Der April war über viele Jahrhunderte der Schwalbenmonat. Die Menschen in den Dörfern freuten sich, wenn sie die ersten Vögel nach ihrer Rückreise aus dem Süden wieder begrüßen durften.
Heute ist der Rückgang der Dorfschwalben erschreckend. Einmal ist es der übertriebene Sauberkeitswahn, ein anderes Mal ist es der Rückgang unserer Vögel überhaupt, denn wir müssen zugeben, dass wir diese Tieren nur noch selten in unserer Nähe dulden.
Nestbauhilfen für Schwalben waren einst angebrachte Brettchen unter dem Dachvorsprung an unseren Häusern und Ställen. Sie sind mittlerweile fast ganz verschwunden. Das beliebte Baumaterial der Vögel, Rindermist, steht in den Dörfern auch nicht mehr zur Verfügung. Und was heute den Schwalben am meisten fehlt, das sind die Misthaufen im Dorf, in denen tausende von Mücken lebten. Mücken sind nun einmal die Hauptnahrung der Schwalben. Diese Vögel sind Fliegen- und Mückenvernichter. Ein Schwalbenpaar, das seine Jungen füttert, benötigt für die Aufzucht mehrere tausend dieser Schädlinge pro Tag. Und diese Nahrung fehlt nicht nur, sie wird auch durch Insektenvernichtungsmittel weiter eingeschränkt.

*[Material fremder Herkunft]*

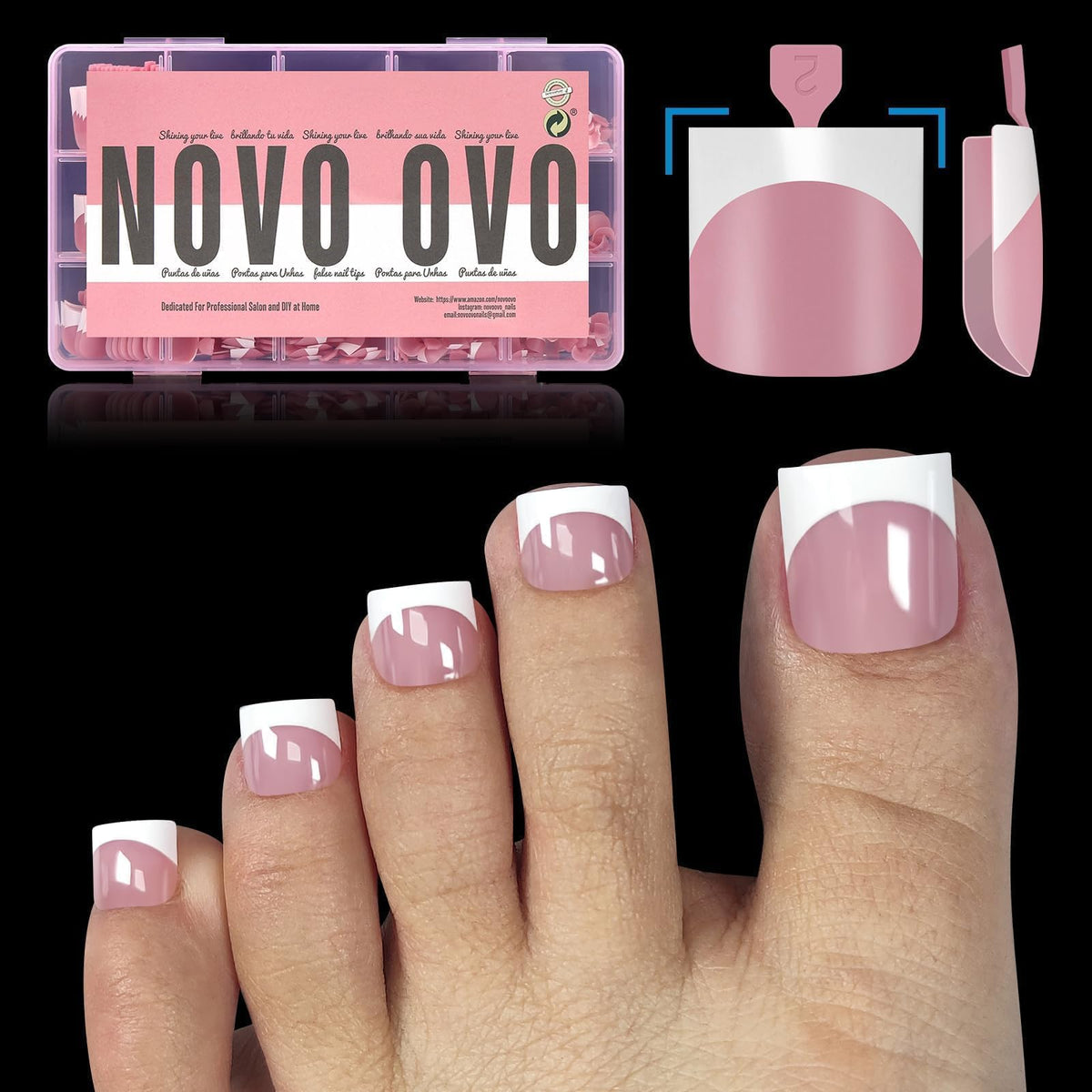 NOVO OVO Berry Pink French Tip toe nails packaging showcases easy DIY pedicure options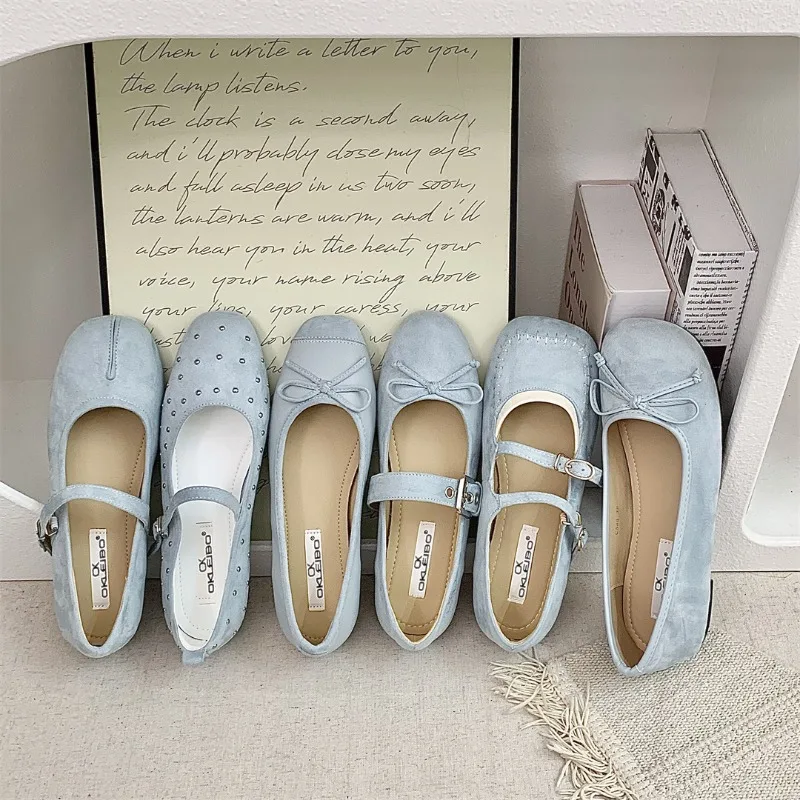 Blue Flats Mary Janes Shoes Women Spring Autumn Casual Buckle Strap Loafers Elegant Bow Tie Ballets Ladies Shoes Footwear New 2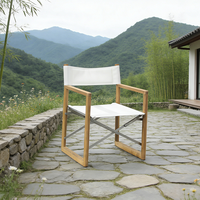Chaise pliante de camping en teck d'extérieur, chaise pliante portable pour la plage et le jardin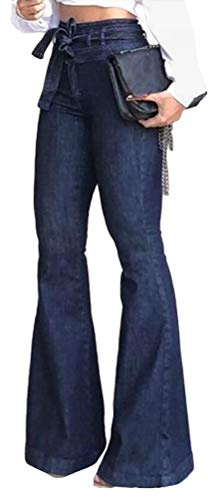 ORANDESIGNE Femme Jean Évasé Pants Pantalon Stretch Zippé en Denim Elastique avec Poche Bootcut Casual Vintage Jeans Pantalon A Bleu S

Dennoch sollen wir uns erinnern: Schwalben waren einst die Lieblinge unserer Voreltern. Der Gesang der Schwalben, so brachten die Eltern ihren Kindern bei, hieß „liebe, liebe Marrie“. Die Schwalbe war mithin ein alter Marienvogel und in gallgermanischen Zeiten war er der Lieblingsvogel der Göttin Holda.
Dass unsere Vorfahren die Schwalben als Marienvogel noch immer hoch verehrten, erkennen wir an unseren Bauernregeln. So heißt eine einst sehr wichtige:
„Mariä Geburt (am 8. September) flien die Schwalwe furt –
Mariä Künnigung (9. April) kehrn sie wieder um.
In unserer alten Volksheilkunde kannten wir Kräuter, wie das Schöllkraut, das in unserer Mundart auch „Schwalweworz“ hieß. Einer alten Sage nach hätten die Schwalben die Menschen durch ihren Gesang auf dieses Kraut aufmerksam gemacht.
Noch eine ganz wichtige Hilfe der Schwalben haben wir heute vergessen: Sie waren und sind es noch immer Wetteranzeiger: Fliegen die Schwalben tief, muss man mit Regen rechnen. Fliegen sie dagegen hoch, soll das Wetter am Tag schön sein. Das war vor allem in früheren Zeiten den Menschen eine große Hilfe, wenn sie in Feld und Wald arbeiten wollten.
Wir sind gespannt, wann wir in diesem Jahr die ersten unserer Lieblingsvögel begrüßen können.